* **Listed entries**
=== Begin Enclosure ===
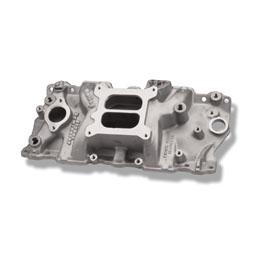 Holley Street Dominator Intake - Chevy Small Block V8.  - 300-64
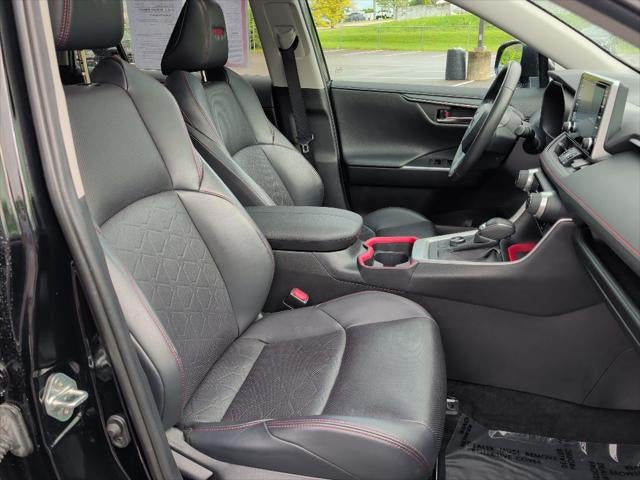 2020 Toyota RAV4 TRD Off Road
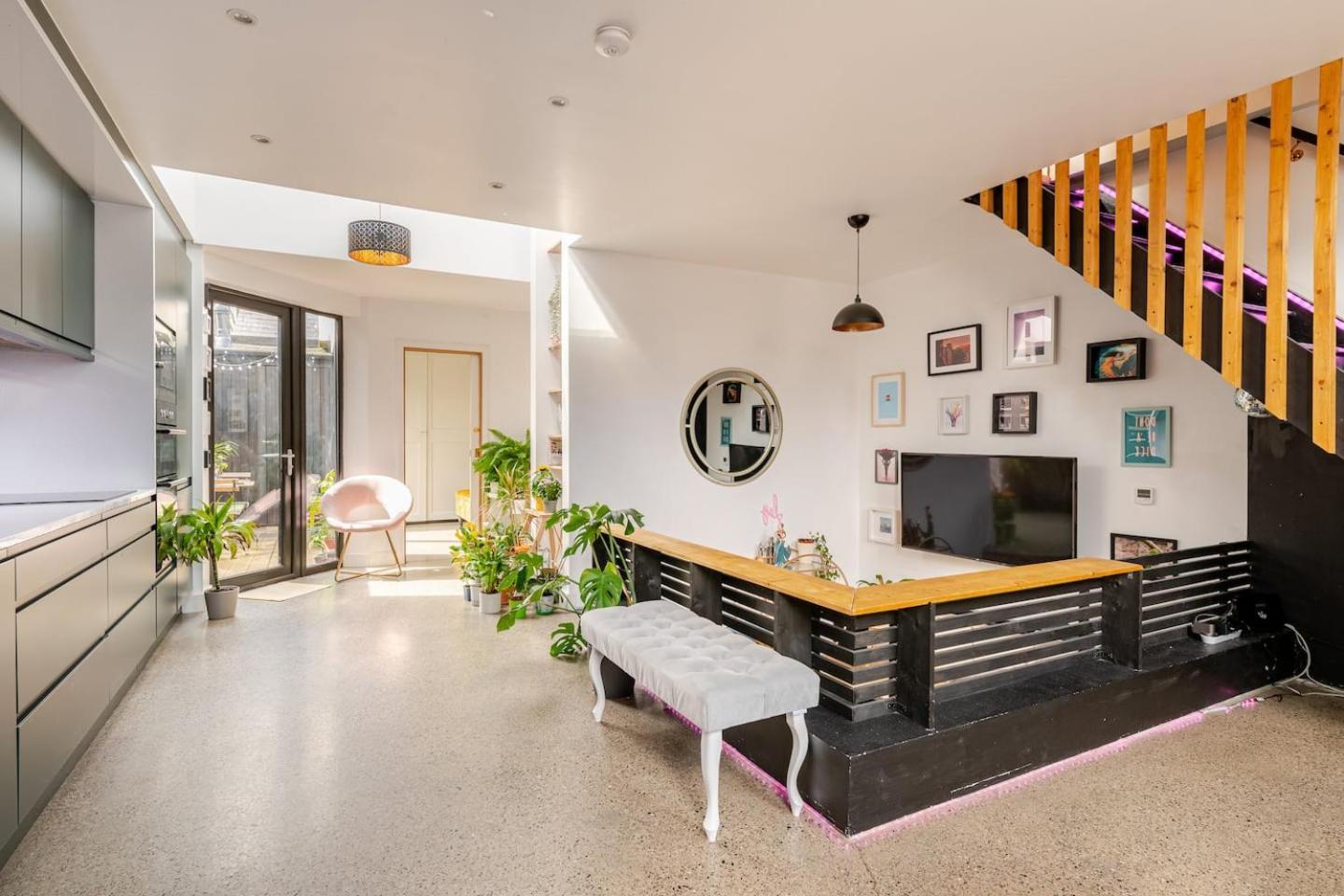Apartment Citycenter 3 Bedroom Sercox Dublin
=== End Enclosure ===
=== Begin Enclosure ===
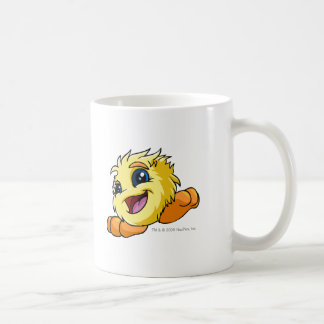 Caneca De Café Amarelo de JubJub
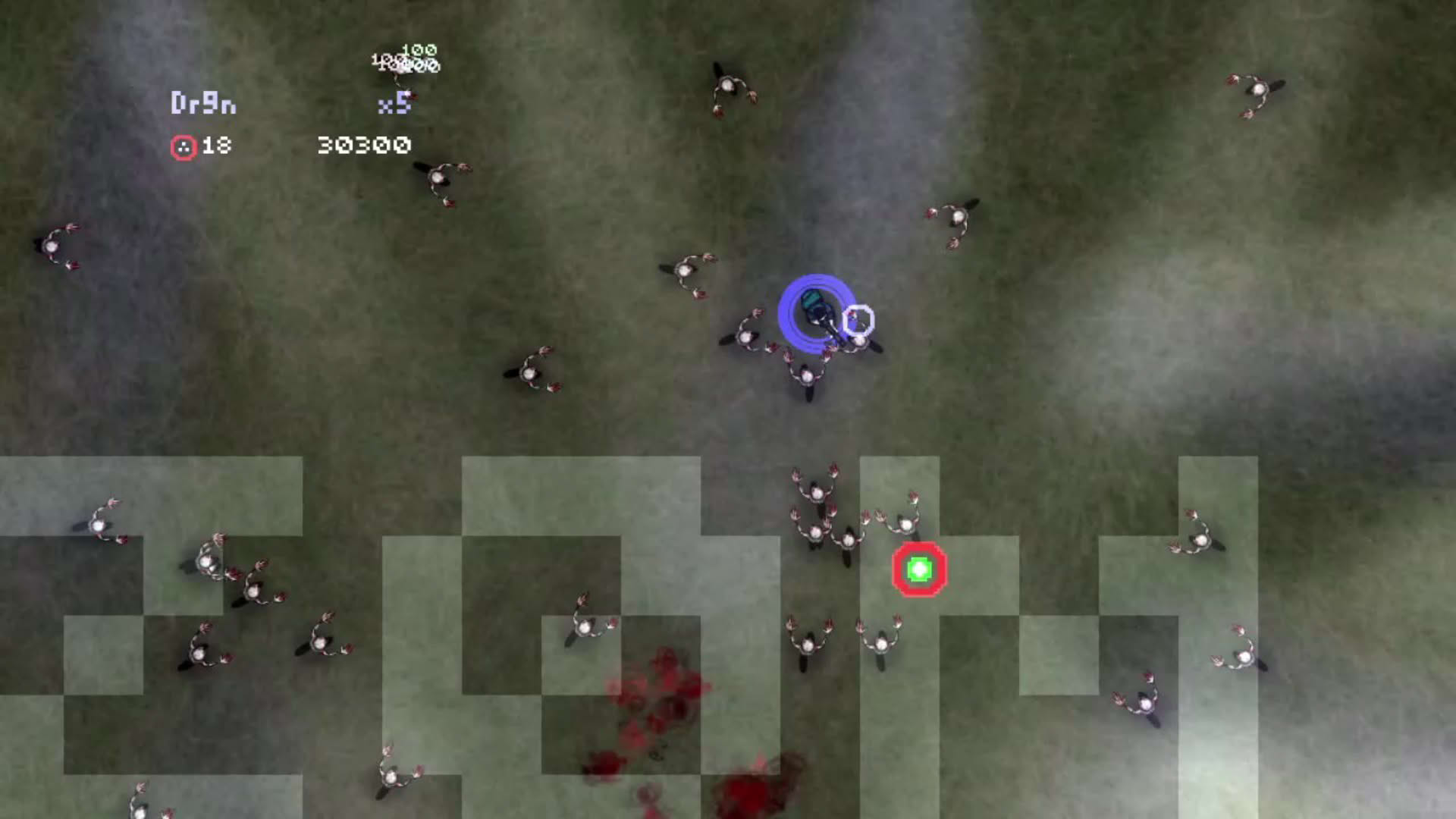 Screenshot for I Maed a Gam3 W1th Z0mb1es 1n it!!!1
=== End Enclosure ===
=== Begin Enclosure ===
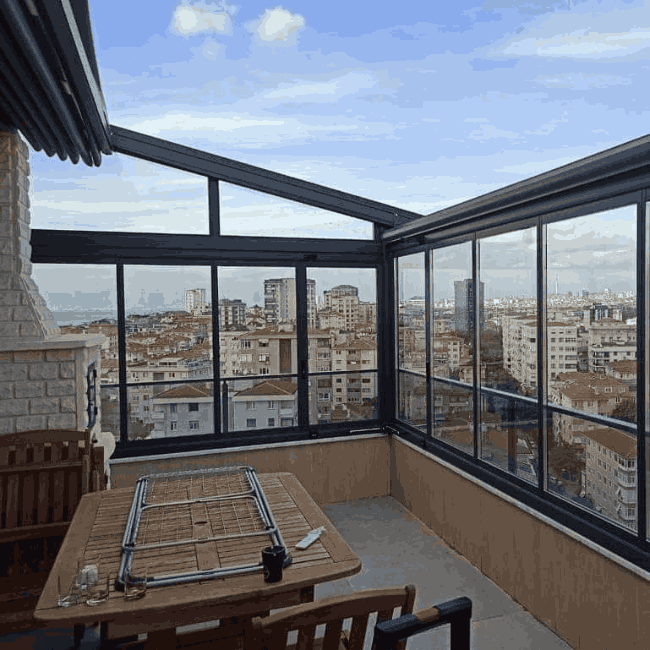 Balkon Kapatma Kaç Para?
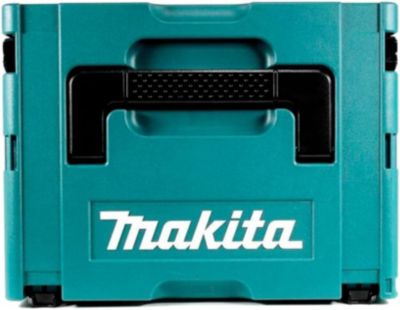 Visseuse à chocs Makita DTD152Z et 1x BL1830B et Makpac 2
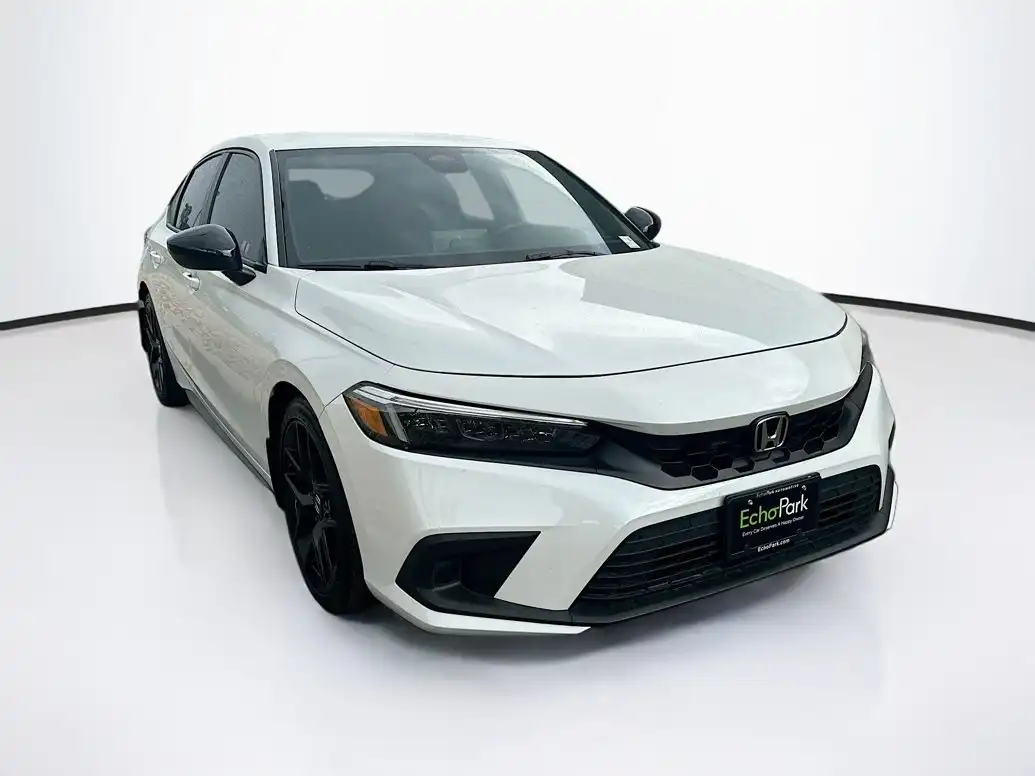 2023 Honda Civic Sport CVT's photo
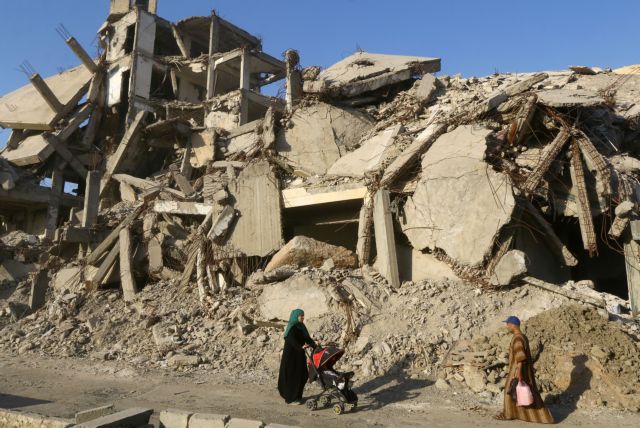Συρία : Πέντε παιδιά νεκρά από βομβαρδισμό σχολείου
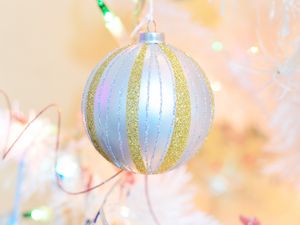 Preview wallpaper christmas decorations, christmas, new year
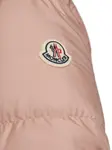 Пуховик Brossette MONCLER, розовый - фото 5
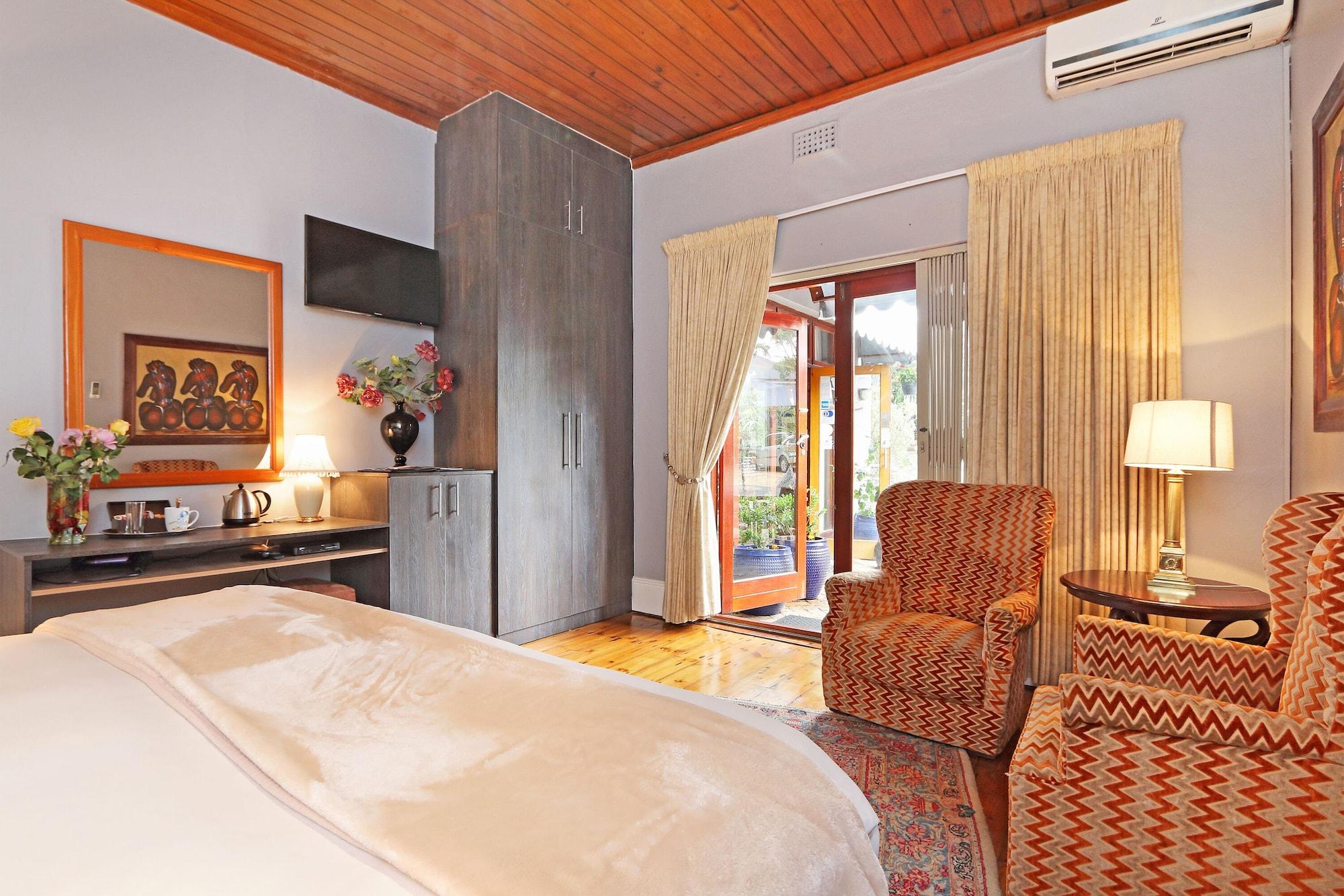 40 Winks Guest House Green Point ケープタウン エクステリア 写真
=== End Enclosure ===
* **Task objective**
From the records above, copy only the lines running from the line containing "Пуховик Brossette MONCLER, розовый - фото 5" to the line containing "40 Winks Guest", both ends included. Leave the pictures out.

* **Solution for this task**
 Пуховик Brossette MONCLER, розовый - фото 5
 40 Winks Guest House Green Point ケープタウン エクステリア 写真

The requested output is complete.